Note: I’m reinstalling my laptop with FreeBSD 6.1-RELEASE and a fresh Ports Tree. Though it’s not over yet, I’m pretty sure it’ll be ok. If you’re installing a new machine, set X11BASE to ${LOCALBASE} in make.conf and symlink /usr/X11R6 to /usr/local. Be aware that you may have some not-yet-discovered CONFLICTS arising (some X package overwriting files from package Y).

So what’s new in 2.16 for FreeBSD. Well, if I had to give only one name, that would be HAL. HAL stands for Hardware Abstraction Layer. Read the freedesktop page, it’s not wasted time. Now, things just works. When you plug your USB key, the HAL daemon will mount it and nautilus will pop-up a browsing window. When you insert an audio CD or a DVD, totem will start and play the content (well, doesn’t work here at the moment, but that might be a local problem). That’s a basic feature, Windows has had it for years now, but that’s definitely a step in the right direction. What next? D-BUS. Well, it’s not really new, but more and more applications are using it. D-BUS is a mean for applications to communicate with each other. For example, now Evolution is sending a D-BUS message everytime it receives a new mail (via a plug-in). Then it becomes very easy to write a small app that listens on the bus and uses libnotify to show a pop-up everytime a message is sent (actually, there’s already a PoC here).

Last year I got a PowerBook G4 which I’m playing with on a regular basis. The killer-apps I found were Expose, Spotlight and the Dock. Expose is Apple’s software that “expose” all your windows at the same time, it’s a good replacement for Alt-Tab that uses the mouse instead of the keyboard. It’s only really useful if you combine it with sensitive corners otherwise you have to use both the mouse and the keyboard. Spotlight is an integrated search engine, that finds almost everything indexed related to keywords (like your mails if you’re using Apple Mail, files, applications, ...).

Since I try to be on the bleeding-edge when it comes to shiny new UNIX features (not that I understand everything, far from it), I read about new features/applications in the X domain (XGL, AiGLX, Compiz, Beryl, ...), I saw the Beryl has its own version of Expose (*hint*: search beryl+aiglx on youtube). Yay, problem is, we don’t have a recent X.org and beryl in ports (may come as an Xmas present :-)). Ok, I’ll wait for this one. Next.
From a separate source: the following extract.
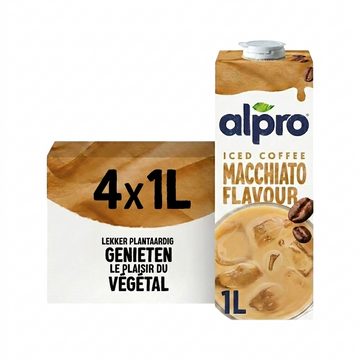 ALPRO Macchiato – Boisson végétale au soja saveur café – Riche en protéines – Sans lactose – 4 x 1 L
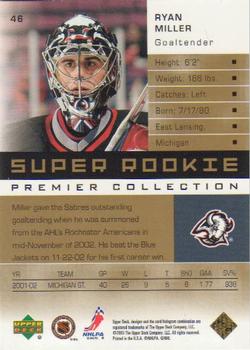 2002-03 Upper Deck Premier Collection - Gold #46 Ryan Miller Back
Some months ago, I read about Beagle, a project similar to Spotlight. It indexes your stuff, and you can then make queries. Problem was at that time, beagle depended on a kernel with inotify support (which is completely Linux-centric). Well actually, it doesn’t depend on it, but that’s unusable without it. Then some people (jylefort@, IIRC) wrote a kqueue replacement. And there was much rejoicement. I tested beagle yesterday evening, and besides few crashes and some things I don’t understand yet (supposed to index Evolution mails but it doesn’t), it seems to work pretty well. Grin, that’s another win. Then what can we use on Unix, us, Dock-lovers. I need to say that I hate Gnome panels, really. At some point, I used a gdesklets plugin, and though it was really nice at that time (2003 IIRC), it was eating all my RAM. Meet akamaru. As you can read, the initial goal wasn’t to create a dock. This is just awesome, and I mean it, have a look at youtube again and search for kiba. Agreed, you don’t need all these effects, but that’s what makes it awesome. I tried it few weeks ago and the configuration of the dock wasn’t really straight-forward. I had to edit a shell script that wrote gconf entries I think. It seems kiba-dock is a fork of the demo-dock, I’m not sure. Anyway, it doesn’t seem to work if you don’t have XGL or AIGLX with compositing enabled. Anyway, things are really getting better and it’s not hard to conceive that all those Windows replacements (Ubuntu, Fedora Core, SLED) will gain a lot of popularity in the next few months/years.